Qu'il est bon de se retrouver dans une salle de spectacle !
Qu'il est agréable de quitter la jungle urbaine pour un moment de calme…
Qu'il est hallucinant de risquer encore plus sa vie à vélo sur une piste cyclable !
Je ne pensais pas dire cela en pénétrant une salle bondée d'enfants, mais au bruit du dehors, très souvent infernal, j'ai vraiment apprécié l'instant et le brouhaha des petits, âgés, de 3 à 8 ans.

© Delphine Royer.
Sur scène du Théâtre Essaïon, un décor représente une chambre d'enfant, celle d'une petite fille exactement. Cette petite fille est interprétée par la vive et solaire Vanessa Luna Nahoum, tiens ! "Luna" dans son prénom, ça tombe si bien. Car c'est sur la lune que nous allons voyager avec elle.
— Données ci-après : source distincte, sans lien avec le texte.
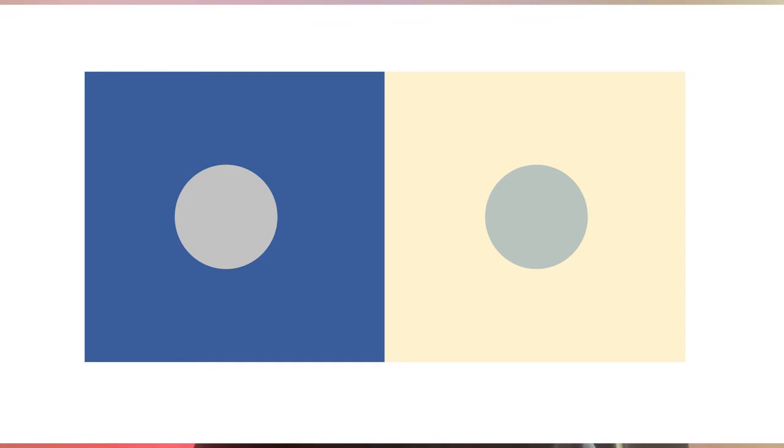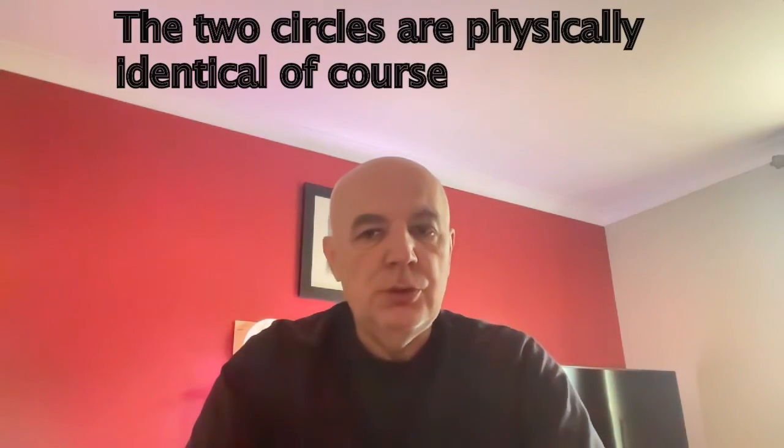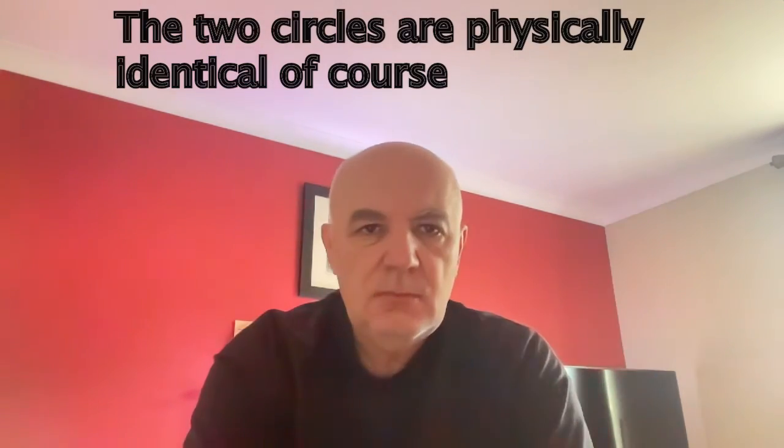To further illustrate this point in class, I may show something like this and ask students whether the two small circles are the same color or not. About half the students will say they are the same color and half will say they're not. This difference is not because people see color differently — we can all see that the two circles look different in color. The difference in opinion is because people have different ideas about what color is. Color is a perception, and in my opinion if two patches look different in color, they are different in color.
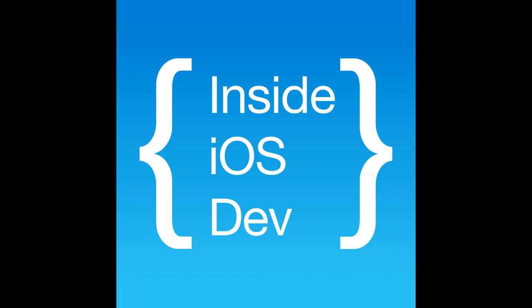You're watching Inside iOS Dev, your favorite show about real-world iOS development.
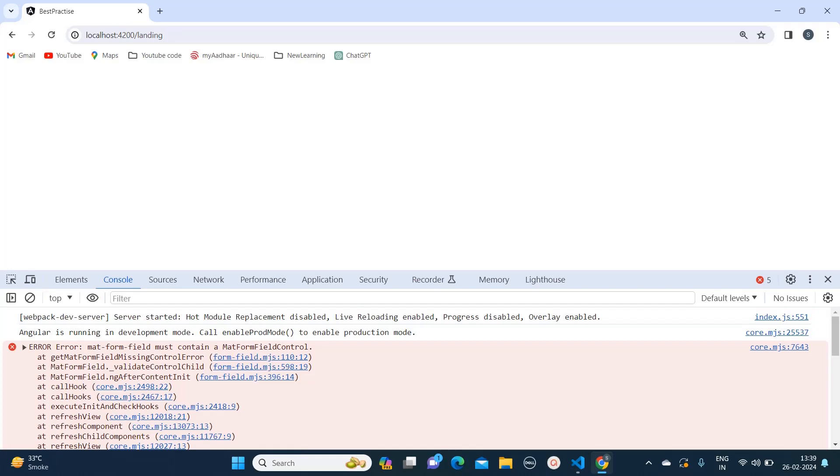Hello everyone, welcome to Quick Cut Academy. Today in this video, I'm going to tell you how we can resolve this error. On the screen you can see the error is 'mat-form-field contain'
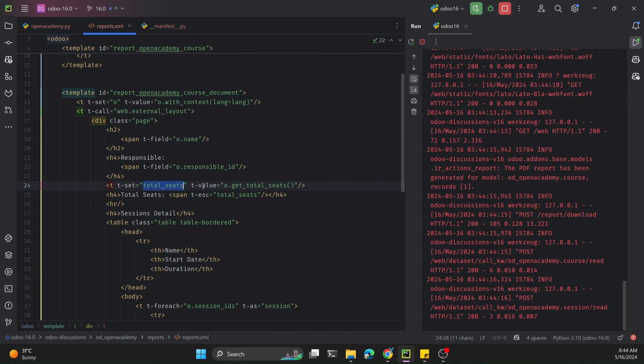This is how you can call a Python function in the QWeb PDF report. If you enjoyed this video, please give a huge thumbs up and don't forget to subscribe to our channel. Thank you.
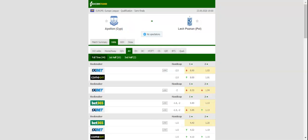Lec Poznan on the other hand rolled over Hammarby 3-0 in the second qualifying round to set up a meeting with Apollon. The Polish outfit aim to give fans yet another reason for celebration.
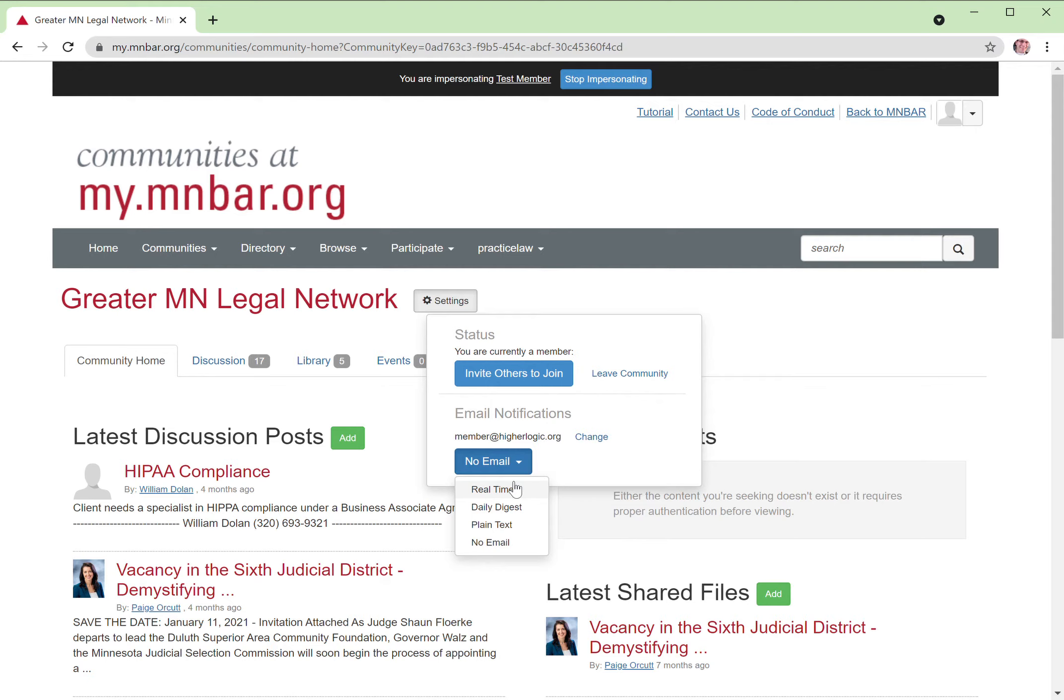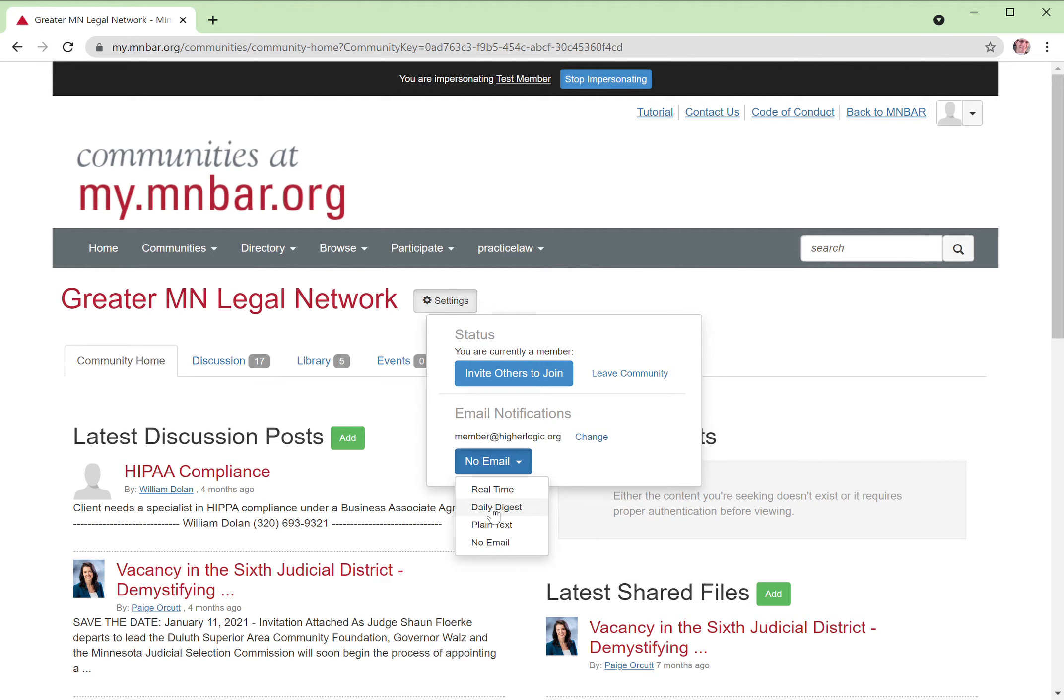But if you find that you're getting just a cluttered inbox, another option for you is the daily digest. That just means that first thing in the morning, you're getting an email that says, here are all the conversations that took place within your community the prior day. Great way to unclutter your inbox, but still have that delivery notification sent to your email.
Et les enfants, sages comme des images, puisque, non seulement, Vanessa a le don d'adoucir les plus dissipés qui, très vite, sont totalement captés par la douceur des mots employés, mais aussi parce que Vanessa apporte sa voix suave et apaisée à l'enfant qu'elle incarne parfaitement. Un modèle pour les parents présents dans la salle et un régal pour tous ses "mini" yeux rivés sur la scène. Face à la comédienne.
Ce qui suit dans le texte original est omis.